Je suis également consciente, Votre Honneur, de l’heure et du fait que je retarde peut-être le prochain repas des sénateurs. Merci beaucoup de votre temps et de votre attention, chers collègues. Shä̀w níthän. Mähsi’cho. Kwä`nä`schis.

(Sur la motion de la sénatrice Patterson, le débat est ajourné.)

L’ajournement

Retrait du préavis de motion concernant la séance du lundi 8 décembre 2025 et tendant à autoriser les comités à siéger en même temps que le Sénat

À l’appel des affaires du gouvernement, motions, article no 34, par l’honorable Patti LaBoucane-Benson :

Que, lorsque le Sénat s’ajournera après l’adoption de cette motion, il demeure ajourné jusqu’au lundi 8 décembre 2025, à 18 heures;

Que l’application de l’article 3-3(1) du Règlement soit suspendue ce jour-là;

Que, nonobstant l’article 9-10(2) du Règlement, si un vote est différé ou sera différé à ce jour-là, il ait lieu à la fin de la période des questions;

Que les comités sénatoriaux devant se réunir ce jour-là soient autorisés à siéger même si le Sénat siège, et que l’application de l’article 12-18(1) du Règlement soit suspendue à cet égard.
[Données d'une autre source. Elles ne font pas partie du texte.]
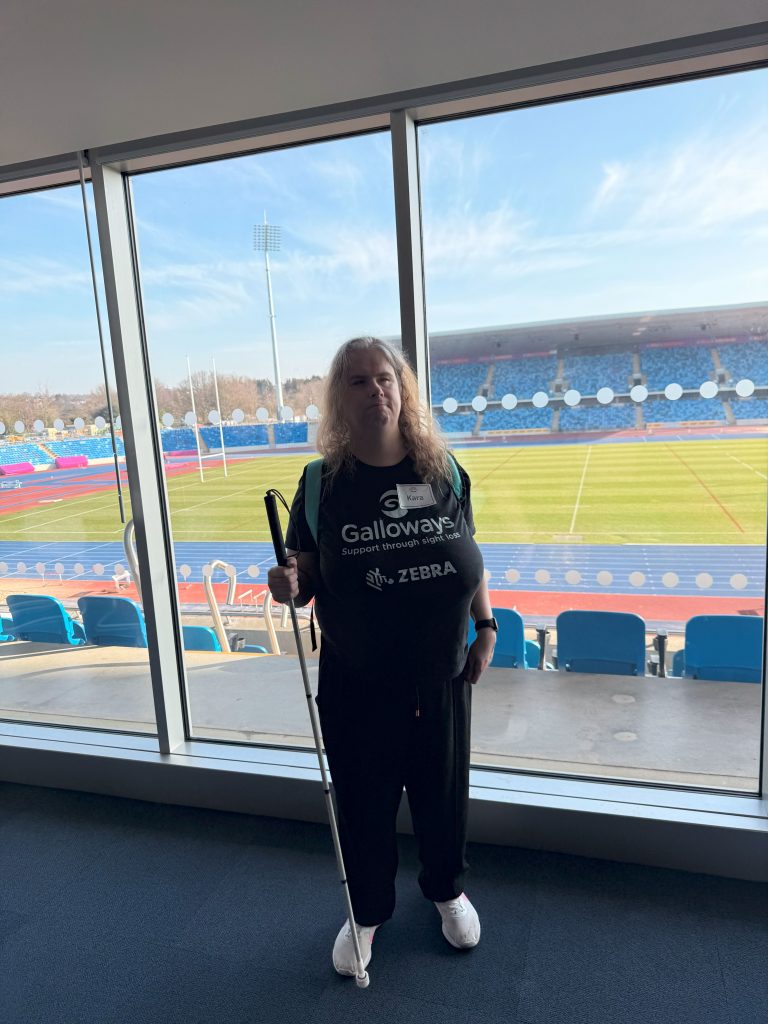 Kara stood overlooking the athletics track at the commonwealth games stadium in Birmingham during the 2025 spring national championships.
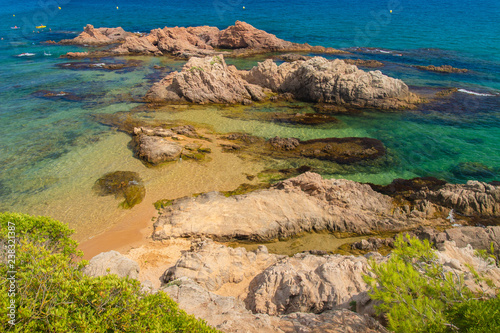 Cliff on sea beach in mediterranean on sunny day, Spain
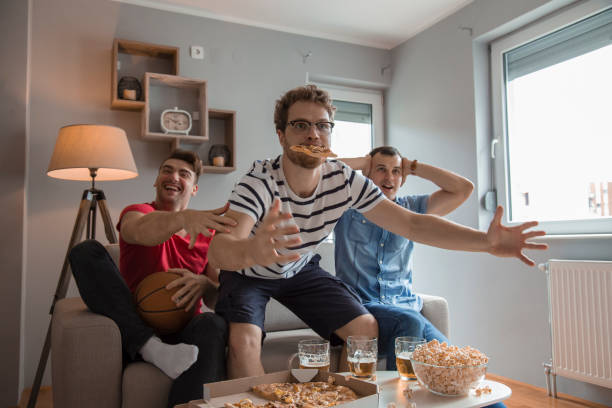 Group of friends watching basketball game and drinking beer stock photo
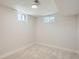 A room with neutral carpet, small windows, and white walls ready to be transformed into a cozy bedroom retreat at 5555 Julian St, Denver, CO 80221
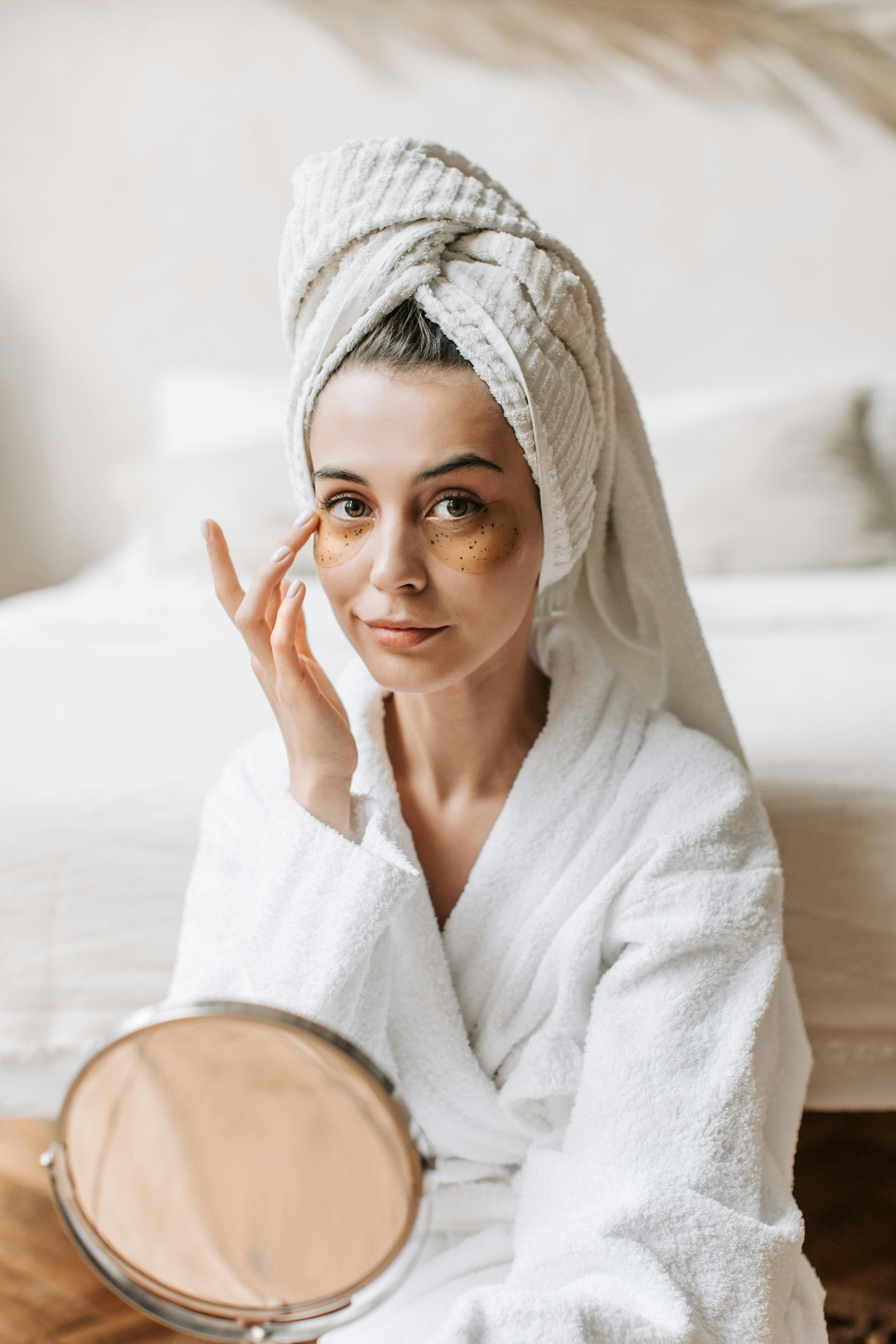 Woman in white robe and towel applies under-eye patches, looking at a mirror.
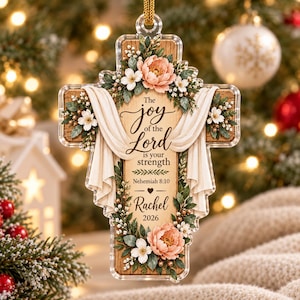 May include: A cross-shaped acrylic ornament featuring a wood-grain background, decorated with peach-coloured peonies and white flowers. The text reads: The joy of the Lord is your strength, Nehemiah 8:10, Rachel, 2026. Draped white fabric accents the design.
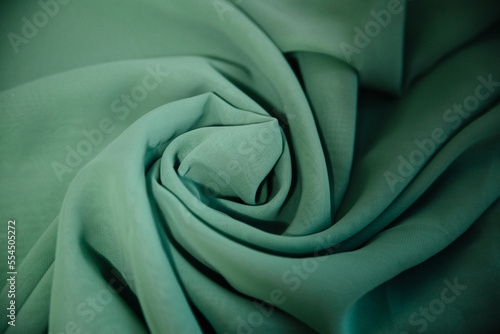 Turquoise knitted fabric. Sewing material .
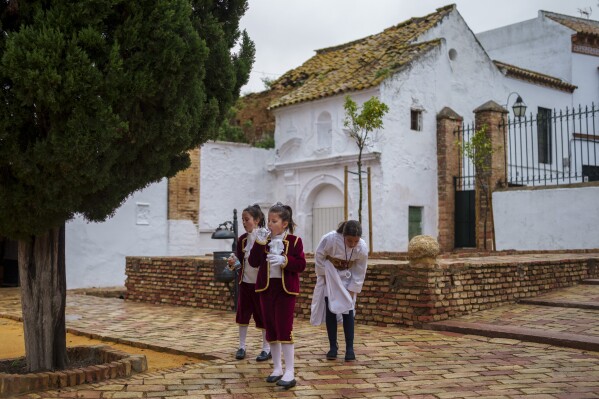 ملف – التائبون من الأخوة الكاثوليكية “Quinta Angustia de Carmona” يقفون خلال موكب الأسبوع المقدس الذي تم إلغاؤه بسبب المطر، في كارمونا، جنوب إسبانيا، الأربعاء، 27 مارس، 2024. (AP Photo / Manu Fernandez، File)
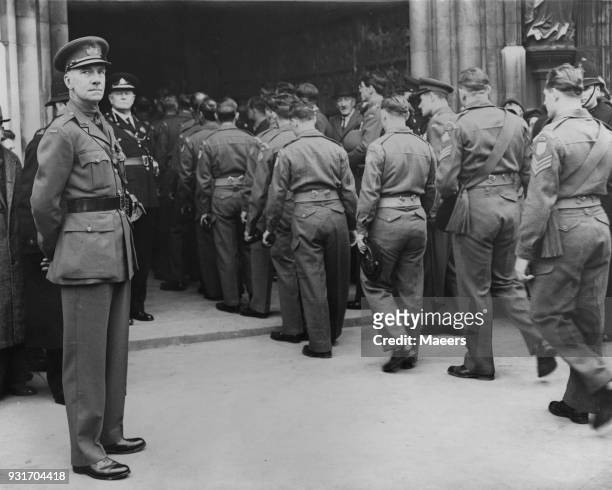 Lieutenant Colonel James Carne, VC watches his men, the 1st Battalion of the Gloucester Regiment, enter Gloucester Cathedral for a Thanksgiving...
L’honorable Patti LaBoucane-Benson (coordonnatrice législative du représentant du gouvernement au Sénat) : Honorables sénateurs, conformément à l’article 5-10(2) du Règlement, je demande que le préavis de motion no 34 du gouvernement soit retiré.

(Le préavis de motion est retiré.)

Adoption de la motion

L’honorable Patti LaBoucane-Benson (coordonnatrice législative du représentant du gouvernement au Sénat), conformément au préavis donné le 3 décembre 2025, propose :

Que, lorsque le Sénat s’ajournera après l’adoption de cette motion, il demeure ajourné jusqu’au mardi 9 décembre 2025, à 14 heures.

Son Honneur le Président intérimaire : Vous plaît-il, honorables sénateurs, d’adopter la motion?

Des voix : D’accord.

(La motion est adoptée.)

L’honorable Jim Quinn : Honorables sénateurs, étant donné que nous avons eu quelques journées bien remplies ici et à l’approche de la période des Fêtes, je propose :

Que la séance soit maintenant levée.

Son Honneur le Président intérimaire : Vous plaît-il, honorables sénateurs, d’adopter la motion?

Des voix : D’accord.

(La motion est adoptée.)

(À 16 h 47, conformément à l’ordre adopté par le Sénat plus tôt aujourd’hui, le Sénat s’ajourne jusqu’au mardi 9 décembre 2025, à 14 heures.)